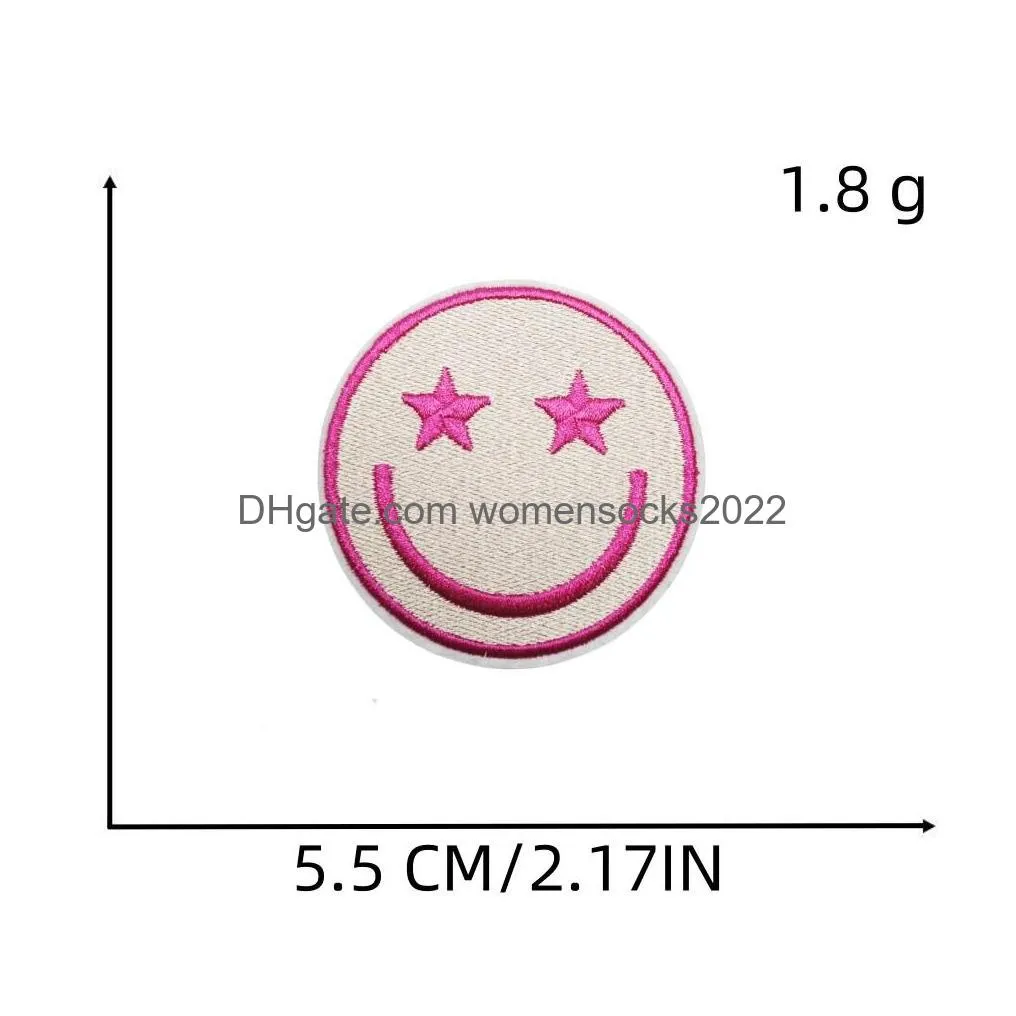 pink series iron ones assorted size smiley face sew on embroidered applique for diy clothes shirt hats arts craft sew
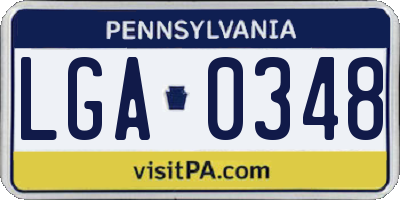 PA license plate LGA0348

****

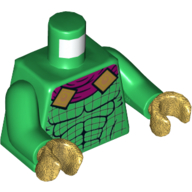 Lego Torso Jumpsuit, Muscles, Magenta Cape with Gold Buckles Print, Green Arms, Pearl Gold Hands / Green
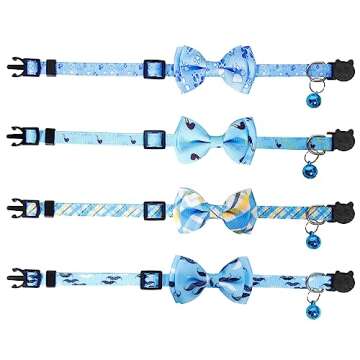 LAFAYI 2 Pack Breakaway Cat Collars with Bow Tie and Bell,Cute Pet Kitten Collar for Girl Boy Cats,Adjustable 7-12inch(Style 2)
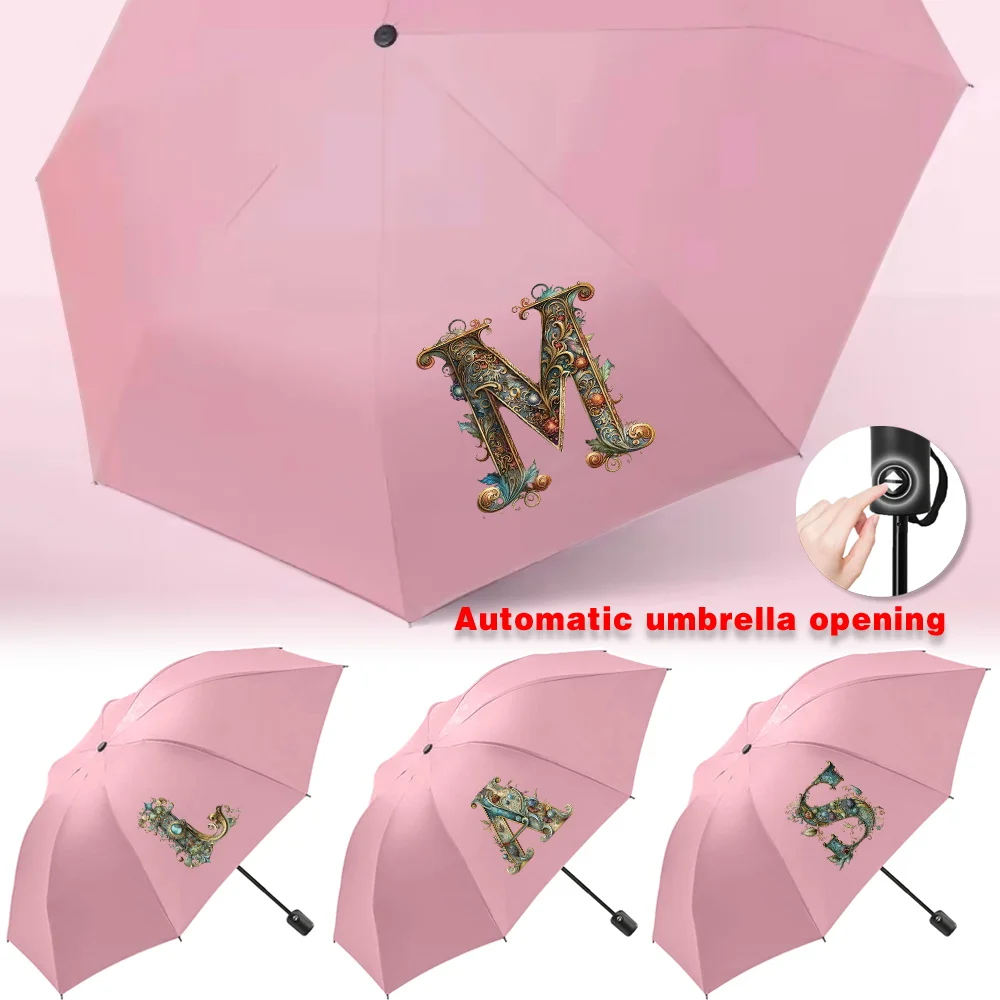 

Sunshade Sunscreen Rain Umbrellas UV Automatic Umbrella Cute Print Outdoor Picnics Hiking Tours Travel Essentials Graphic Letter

****

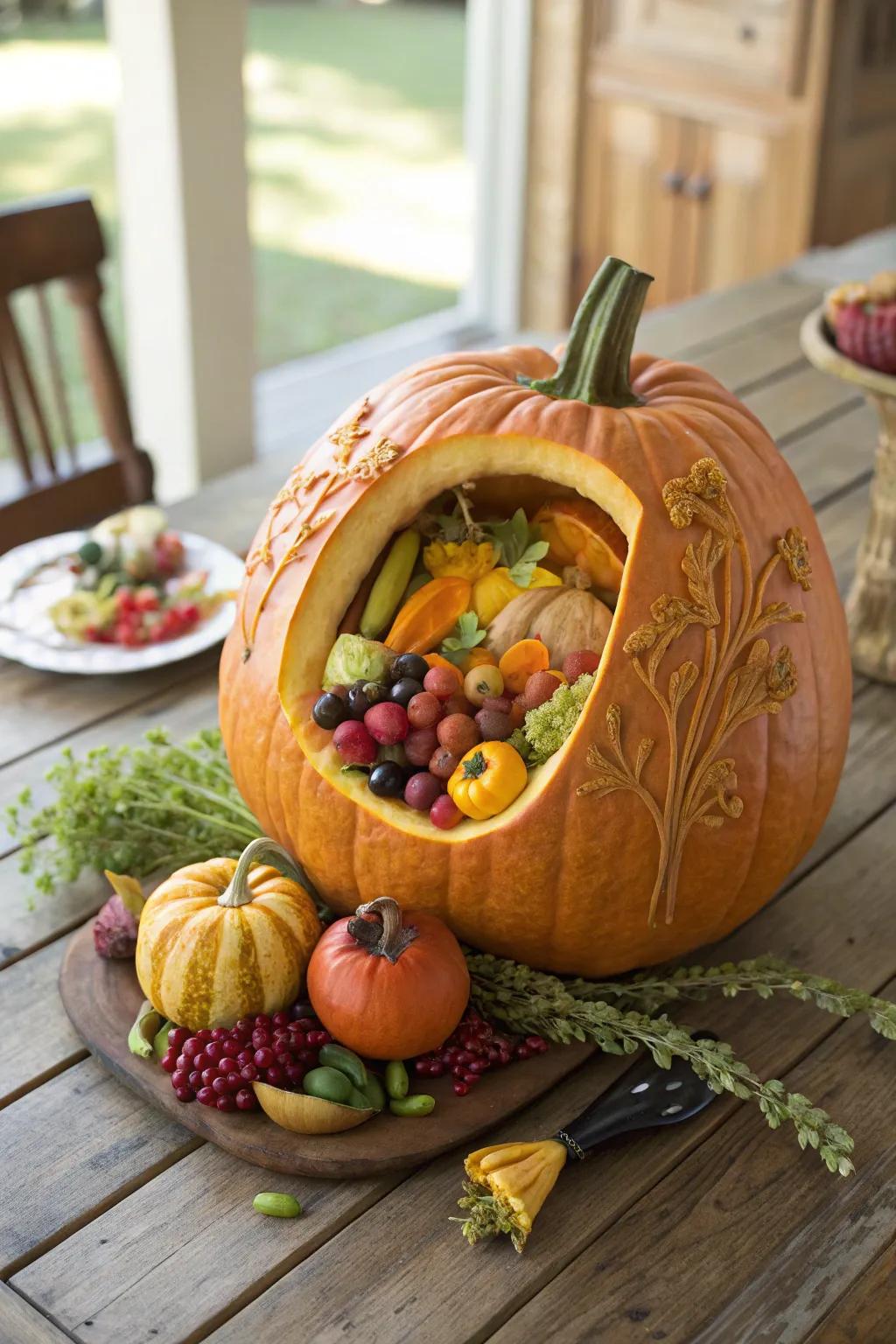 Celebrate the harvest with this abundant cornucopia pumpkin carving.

****

> **PROBLEM DESCRIPTION**:
Give back exactly the lines above that run from the one with "LAFAYI 2 Pack" to the one with "Sunshade Sunscreen Rain", including both, with the pictures left out.

> **ANSWER TO THE PROBLEM**:
 LAFAYI 2 Pack Breakaway Cat Collars with Bow Tie and Bell,Cute Pet Kitten Collar for Girl Boy Cats,Adjustable 7-12inch(Style 2)

Sunshade Sunscreen Rain Umbrellas UV Automatic Umbrella Cute Print Outdoor Picnics Hiking Tours Travel Essentials Graphic Letter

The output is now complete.